Biodiversity areas, especially primary forests, provide multiple ecosystem services for the local population and the planet as a whole. The rapid expansion of human land use into natural ecosystems and the impacts of the global climate crisis put natural ecosystems and the global biodiversity under threat.

The mapme.biodiversity package helps to analyse a number of biodiversity related indicators and biodiversity threats based on freely available geodata-sources such as the Global Forest Watch. It supports computational efficient routines and heavy parallel computing in cloud-infrastructures such as AWS or Microsoft Azure using in the statistical programming language R. The package allows for the analysis of global biodiversity portfolios with a thousand or millions of AOIs which is normally only possible on dedicated platforms such as the Google Earth Engine. It provides the possibility to e.g. analyse the World Database of Protected Areas (WDPA) for a number of relevant indicators. The primary use case of this package is to support scientific analysis and data science for individuals and organizations who seek to preserve the planet biodiversity.
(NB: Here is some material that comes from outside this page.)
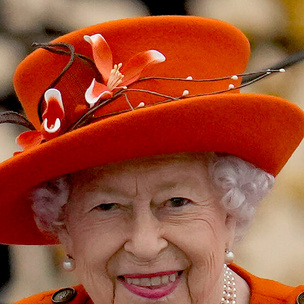 Тест: Выбери шляпку королевы Елизаветы II, и мы посоветуем, какое английское кино посмотреть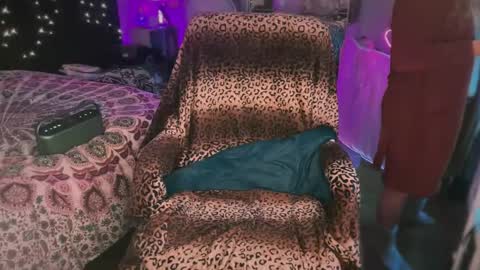 nyxxen online show from March 14, 2:06 am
Its development is funded by the German Development Bank KfW.

Installation

The package and its dependencies can be installed from CRAN via:

install.packages("mapme.biodiversity", dependencies = TRUE)

To install the development version, use the following command:

remotes::install_github("https://github.com/mapme-initiative/mapme.biodiversity", dependencies = TRUE)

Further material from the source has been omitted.